US 12,190,215 B1
Automatically selecting relevant data based on user specified data and machine learning characteristics for data integration
Nitin Gupta, Saharanpur (IN); Shashank Mujumdar, Nagpur (IN); Ruhi Sharma Mittal, Bengaluru (IN); and Hima Patel, Bengaluru (IN)
Assigned to International Business Machines Corporation, Armonk, NY (US)
Filed by International Business Machines Corporation, Armonk, NY (US)
Filed on Oct. 25, 2023, as Appl. No. 18/494,345.
Int. Cl. G06F 16/00 (2019.01); G06F 16/2457 (2019.01); G06N 20/00 (2019.01)

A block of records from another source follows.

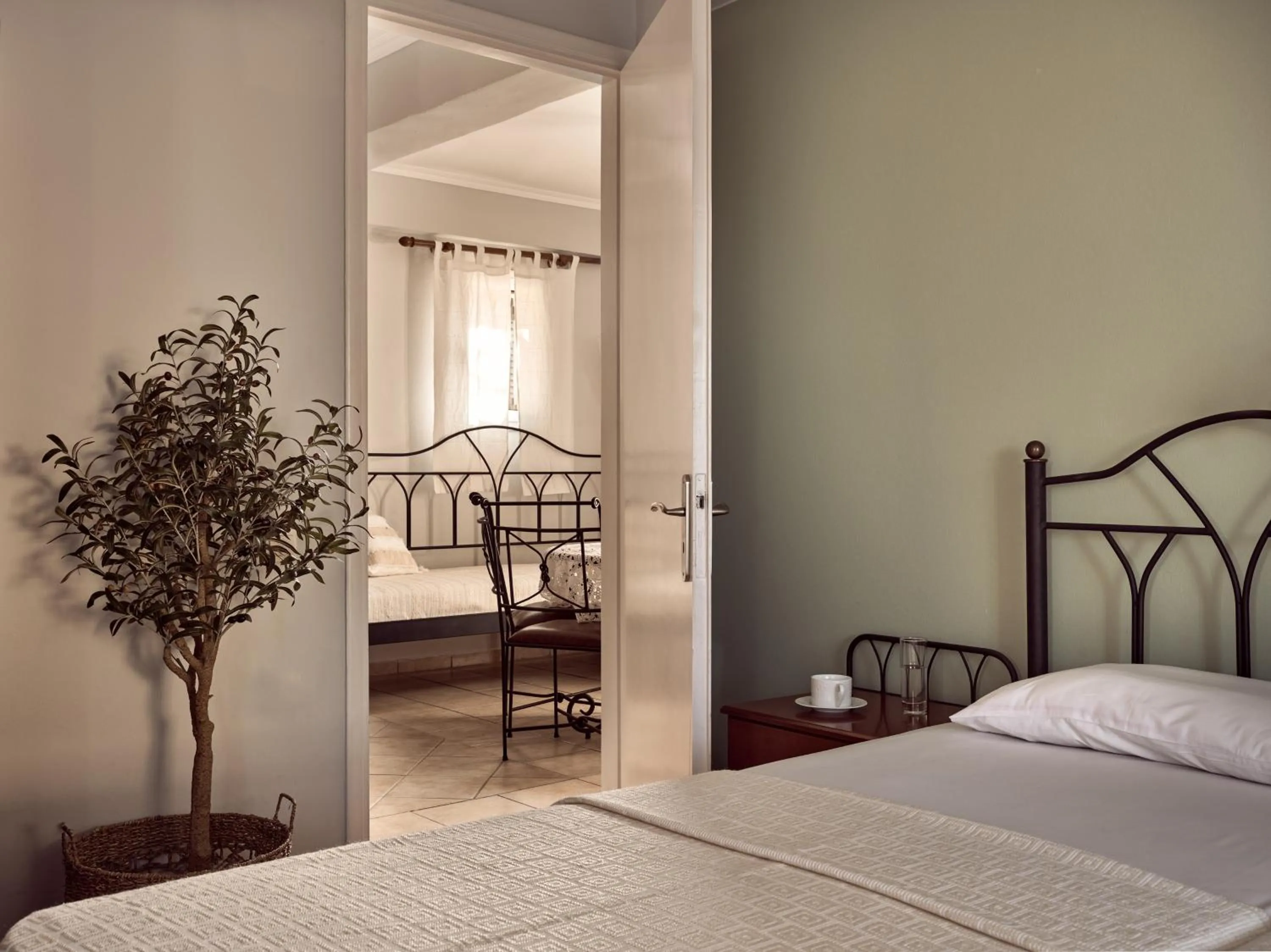 Bed in Razis Apartments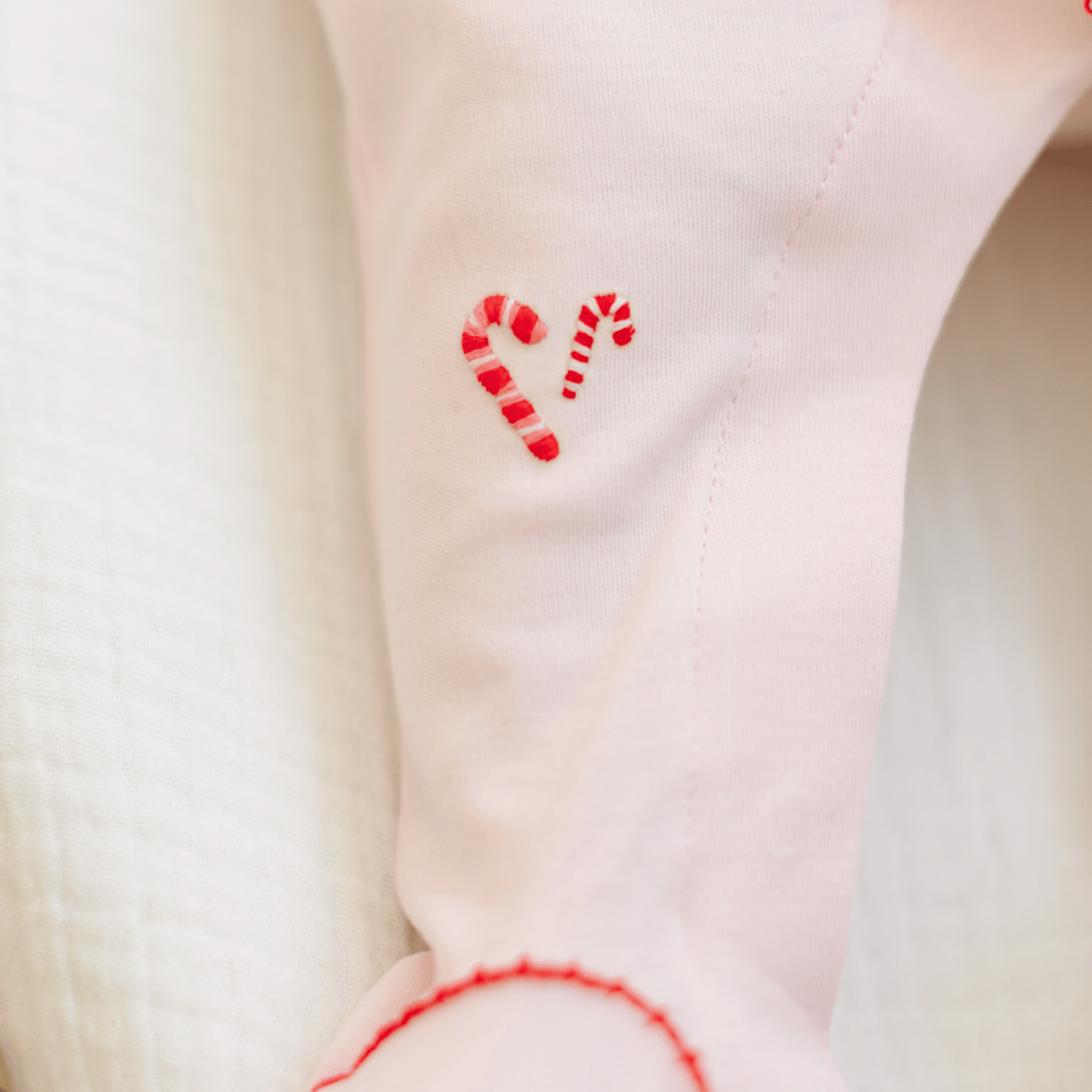 Candy Cane Lane Embroidered Ruffle Footie - Magnolia BabyFootie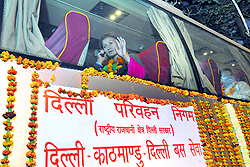 The Kathmandu-bound bus leaves the Ambedkar bus terminal after being flagged off, in New Delhi on Tuesday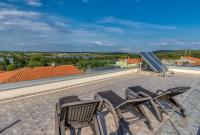 Balkón nebo terasa v ubytování Villa am Meer mit Pool & Kinderpool - Leon's Holiday Homes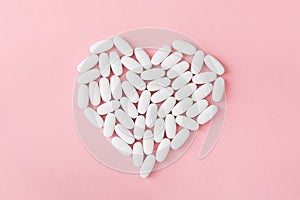 White medicine capsules on pink background.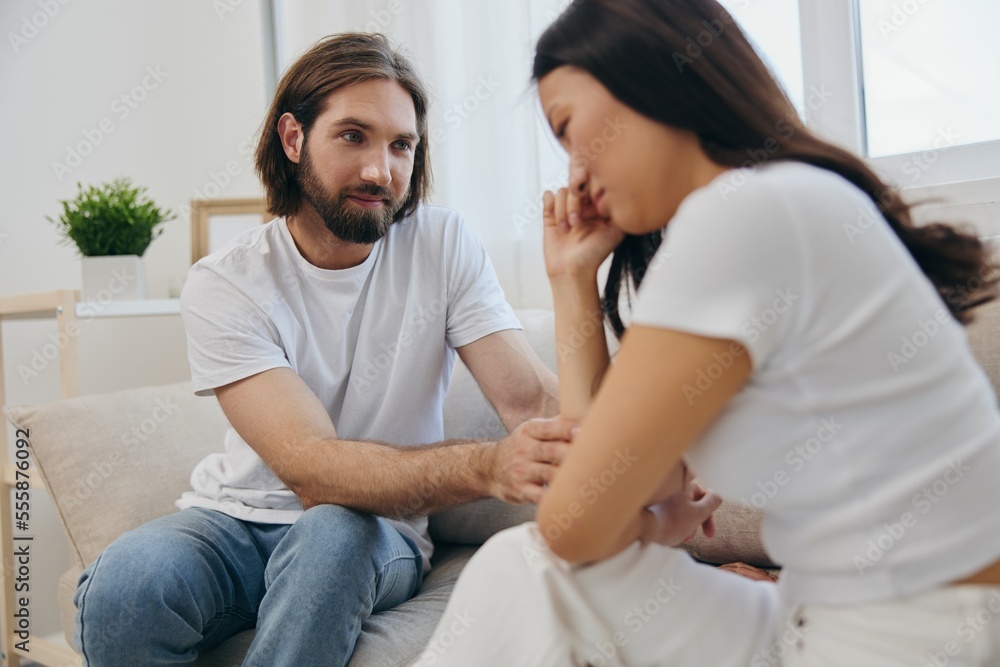 An Asian woman is sad and crying with her male friend at home. Stress and misunderstanding in a relationship between two people and supporting each other's mental and emotional well-being An Asian woman is sad and crying with her male friend at home. Stress and misunderstanding in a relationship between two people and supporting each other's mental and emotional well-being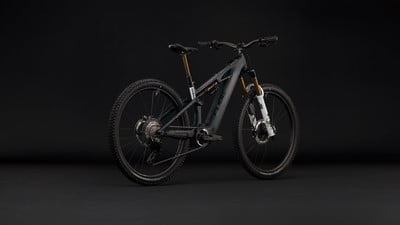 Ein graues Cube E-Mountainbike mit Federung und schwarzen Rädern.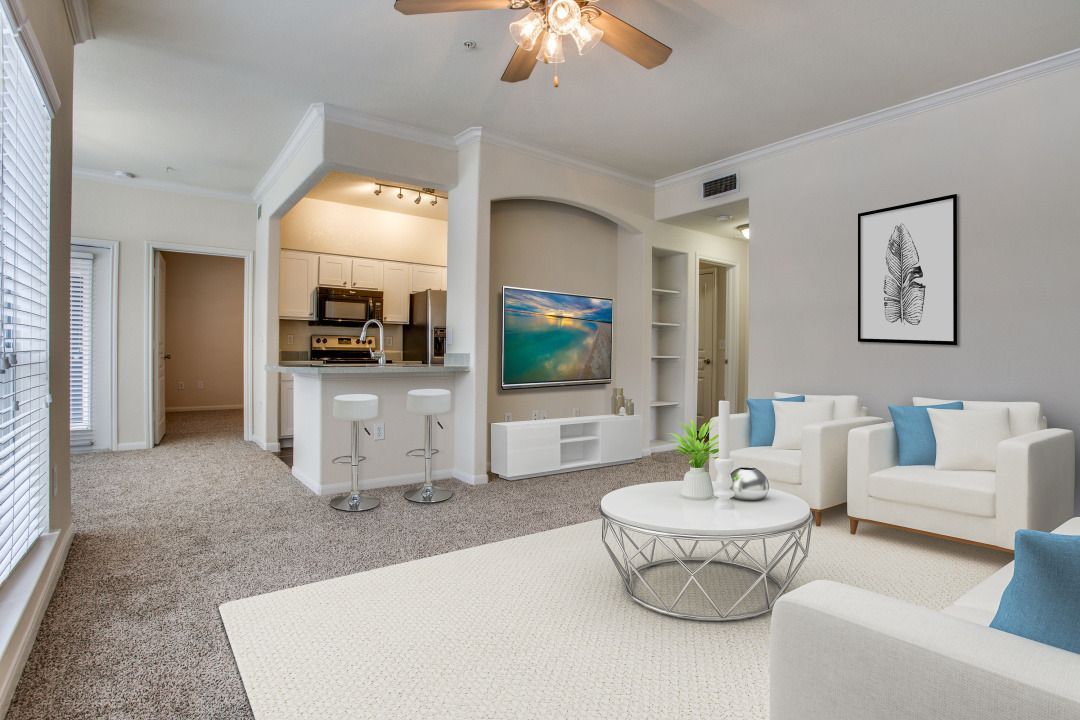 Living room with white furniture, TV, and open kitchen. Brown carpet and neutral walls.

CPC G06N 20/00 (2019.01) [G06F 16/24573 (2019.01); G06F 16/24578 (2019.01)] 20 Claims
OG exemplary drawing
 
1. A computer-implemented method of automatically selecting data for machine learning datasets, the method comprising:
using a number of processors to perform:
receiving an input dataset;
receiving user-specified data quality metrics;
matching the input dataset to a first subset of candidate datasets in a repository according to schema characteristics;
selecting a second subset of candidate datasets from the first subset of candidate datasets having a distance from the input dataset above a specified threshold;
merging the second subset of candidate datasets into a merged dataset;
identifying top ranked samples from the merged dataset above a specified second threshold based on the user-specified data quality metrics wherein the identification of top ranked samples from the merged dataset comprises:
feeding samples from the merged dataset into a reinforcement machine learning model that outputs a probability of selecting each sample for a final dataset;
selecting samples from among the samples that have a probability of being selected greater than a specified fourth threshold; and
augmenting the input dataset with the selected samples; and
returning the input dataset augmented with the top ranked samples to a user.